The U.S. government appears greatly concerned about Israel's capabilities to beg, borrow or steal top-secret U.S. technology.  It asks diplomats to report on:

--Plans and efforts to acquire US export-controlled
telecommunications equipment and technology.
--Plans and efforts to export or transfer state-of-the art
telecommunications equipment and technology.
--Details about information repositories associated with
radio frequency identification (RFID)-enabled systems used

This February 26, 2009 account of a meeting between Congress member Benjamin Cardin and Bibi Netanyahu after national elections but before he became prime minister, reveals the latter's grandiosity concerning the "Iranian threat:"

Netanyahu described a nuclear Iran as the greatest threat facing Israel, and urged...a viable military option
to confront a problem that he said threatened the region and
could prove a "tipping point" in world history...
According to Netanyahu, if Iran develops a nuclear weapon
capability it will "topple the peace process" and "change the
history of the world
."
Netanyahu complained that Iran"s "tentacles" were choking Israel, and
that a new one grew back whenever one was cut off. Netanyahu
charged that Iran was developing nuclear weapons with the
express purpose of wiping out Israel...

Interesting too is this passage, in which Bibi confuses Christian evangelical millenialism with Persian Muslim theology about which he clearly knows nothing:

Netanyahu described the Iranian regime as crazy, retrograde,
and fanatical, with a Messianic desire to speed up a violent
"end of days
."

In the following passage, Bibi reveals his disdain for the concept, widely accepted in the international community, of a return to 1967 borders in exchange for peace.  Those who claim the Israeli PM accepts a two state solution should reconcile that belief with this:

...According to Netanyahu - withdrawing to the 1967 borders...would "get terror, not peace"

Here is more about the sham peace that Bibi envisions offering the Palestinians:

Once the Palestinian Authority develops into a real partner it will be possible to negotiate an agreement over territory,
settlements and "refined" Palestinian sovereignty without an
army or control over air space and borders
.

What he's describing isn't a country, but a Bantustan.
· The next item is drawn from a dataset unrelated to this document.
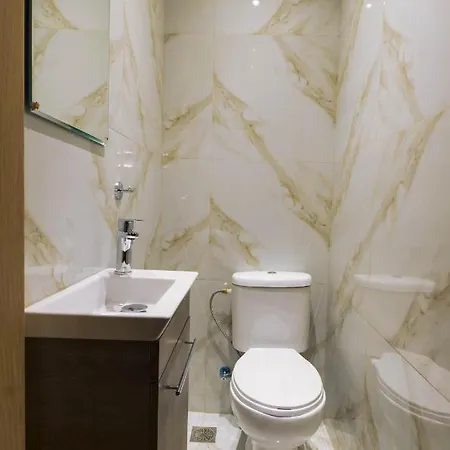 Adorable 2 Bedroom Close To Ancient Center Apartment Athens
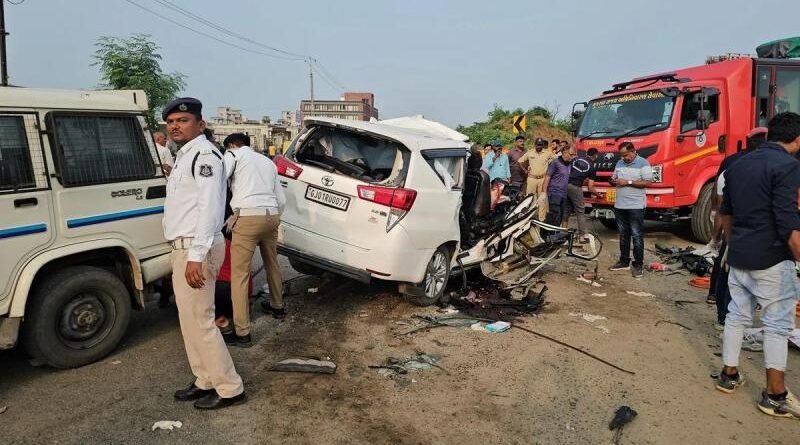 ट्रॉला और ईको वैन की भीषण टक्कर, धार में गुजरात के छह लोगों की मौत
Netanyahu, in this portion of the memo, reveals that there is indirect trade between Israel and Iraq facilitated through Jordan.  Considering that Iraq supposedly has an ironclad ban on trade with Israel in place, if true, this claim is fascinating:

Pointing to what he described as strong
but unpublicized trade between Haifa port and Iraq via
Jordan, he suggested assembly points could be set up in the
West Bank for some goods, which would create thousands of
jobs.

It should also be noted that Israel had imported Iranian oil until recently despite Israel's supposedly ironclad ban on such commerce.  All of this indicates the level of hypocrisy that accompanies solemn ideological pronouncements by leaders, whether in Tel Aviv or Baghdad.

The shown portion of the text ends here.